Dewey Defeats Truman

Yes, I was only eight, but we were Trib readers and I remember the headline, and my midwestern father's horror when the error was revealed (even though he had briefly, in his youth, been an FDR democrat). Nobody thought Truman could win. I think that's why nobody has dared to call this race in advance, even when it seemed impossible to be wrong.

I couldn't vote in the 1960 election (you had to be twenty-one then, and I had just turned twenty) but I remember watching the famous JFK-RMN debate on a rented dorm TV set (TV wasn't at all a part of college life then), and going to see Dick and Pat in a motorcade in downtown Boston. I remember staying up for most of the night to watch the returns (a different rented TV) and feeling disheartened and a little frightened when that young, untested senator had prevailed. What about Qemoy and Matsu? Even in that hotbed of liberalism I was still my father's daughter.

I've voted since 1964 (12 times for President -why does it seem like more?) and I'd have a hard time remembering which candidate I actually voted for in many of those elections. More than once it was for the third-party candidate, or even a "wasted" vote on the Libertarian. I always felt as if I were voting "against" someone, rather than "for" someone.

Yesterday was the first time I can actually remember casting a vote with strong conviction and the fervent hope that my candidate would win. It was a great feeling. And now that he has won, I can participate in the national euphoria - so like the one that followed the 1960 election.
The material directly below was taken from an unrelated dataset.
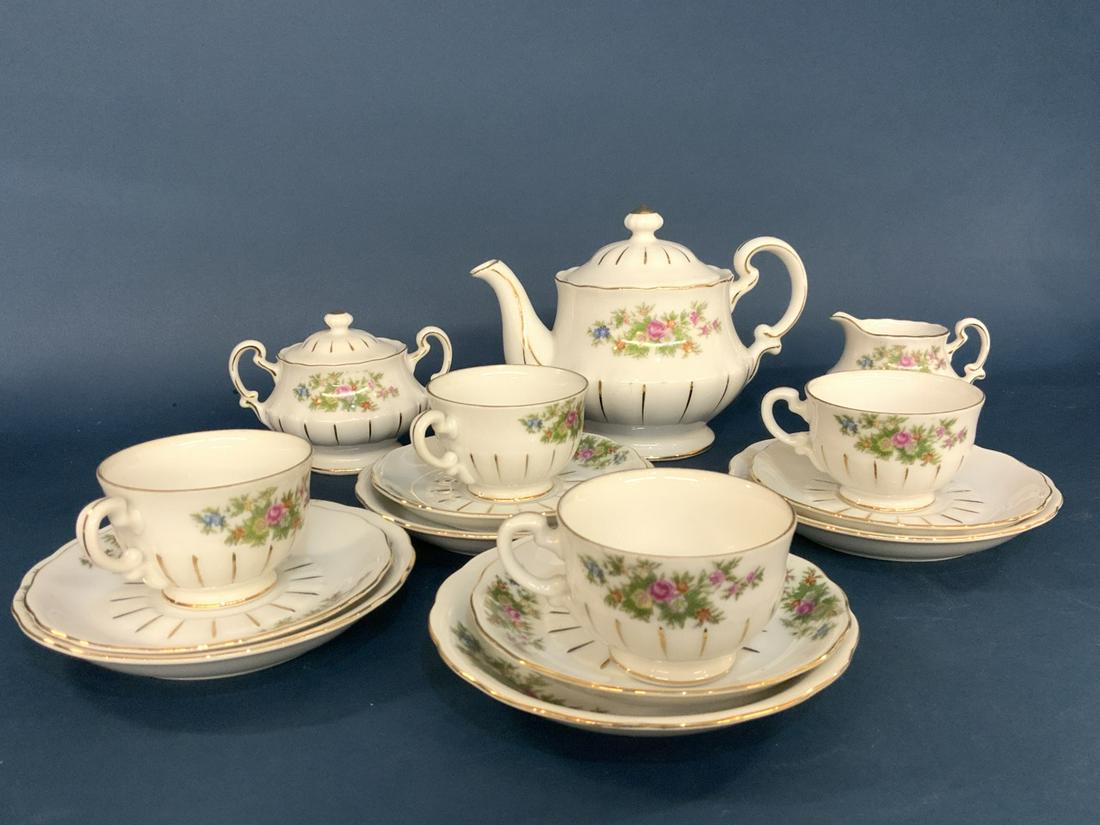 FAO Schwarz Miniature Children's Tea Set: Fao Schwarz minaiture child's tea set. Cups 2.5” Diameter 4.5” Smaller Plates 5” bigger plats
As my ten-year-old granddaughter told her father, while being tucked in (way past her bedtime), "now I understand why you wanted us to stay up".

3 Comments:

Blogger nina said...

I voted far far less but when I did, here, in the States, it was with the belief that my choice would be the better choice for all. Of course. That's how one votes. But yesterday, for the first time I truly thought that my choice was a great choice. For the country and beyond. They are saying that he ran an almost flawless campaign. Small wonder: Obama has the talent and wisdom it takes to be a superb. ANd he has the patience to withstand attack brilliantly, steadily. Remember Senator Jacob Javits? He once said (my daughter pointed me to this -- an article from 1958) that the first Black president will have to be well educated, internationally inclined and most of all, he will have to be able to withstand desperate, vicious attacks. Javits said we'd elect a Balck leader by 2000. So he was off only in this time prediction.

6:32 PM  
Blogger Lynn said...

Your grand daughters words brought tears to my eyes. I am so joyous that my grand children/our grandchildren will have this as a "norm" in their lives. So glad it is happening in our lifetimes.
So happy. So elated. So hopeful.
I want to dance and sing.
Thank you Barack and Michelle Obama for having the courage to do this. And thank you America for voting him in!!!!

Wow!

7:02 PM  
Blogger diana said...

I love your expression what this vote and election means for so many of us - and of Nina's retelling of Javits' prediction. I can smile again and believe again that democracy works!